**INSTRUCTIONS TO FOLLOW**
Copy the listing exactly, please, and keep every picture out of it.

**DATA BELOW**

--

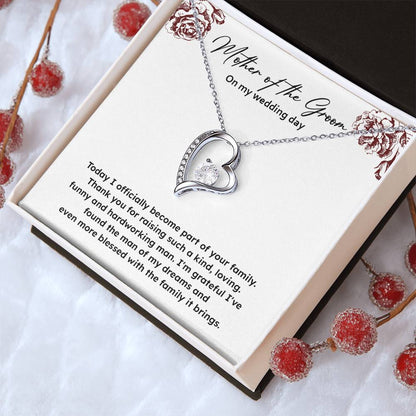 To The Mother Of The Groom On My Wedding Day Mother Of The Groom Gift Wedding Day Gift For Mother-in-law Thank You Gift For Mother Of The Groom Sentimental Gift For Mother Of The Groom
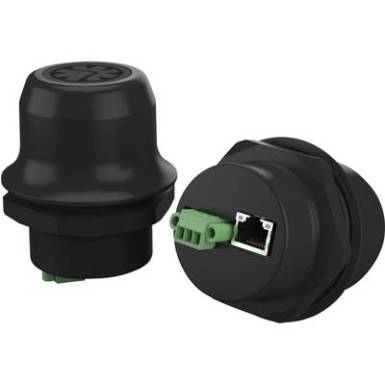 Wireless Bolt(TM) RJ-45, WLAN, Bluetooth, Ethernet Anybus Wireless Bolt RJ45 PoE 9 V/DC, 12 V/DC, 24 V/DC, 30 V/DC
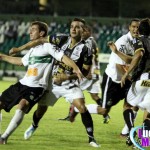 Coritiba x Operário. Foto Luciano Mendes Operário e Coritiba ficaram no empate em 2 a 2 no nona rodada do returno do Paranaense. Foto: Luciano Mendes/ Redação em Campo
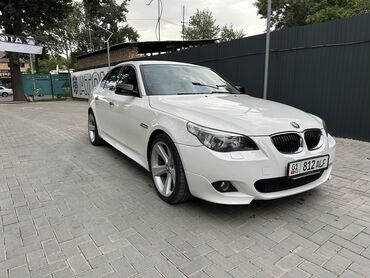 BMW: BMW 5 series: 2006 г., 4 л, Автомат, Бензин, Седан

--

**RESPONSE**
 To The Mother Of The Groom On My Wedding Day Mother Of The Groom Gift Wedding Day Gift For Mother-in-law Thank You Gift For Mother Of The Groom Sentimental Gift For Mother Of The Groom
 Wireless Bolt(TM) RJ-45, WLAN, Bluetooth, Ethernet Anybus Wireless Bolt RJ45 PoE 9 V/DC, 12 V/DC, 24 V/DC, 30 V/DC
 Coritiba x Operário. Foto Luciano Mendes Operário e Coritiba ficaram no empate em 2 a 2 no nona rodada do returno do Paranaense. Foto: Luciano Mendes/ Redação em Campo
 BMW: BMW 5 series: 2006 г., 4 л, Автомат, Бензин, Седан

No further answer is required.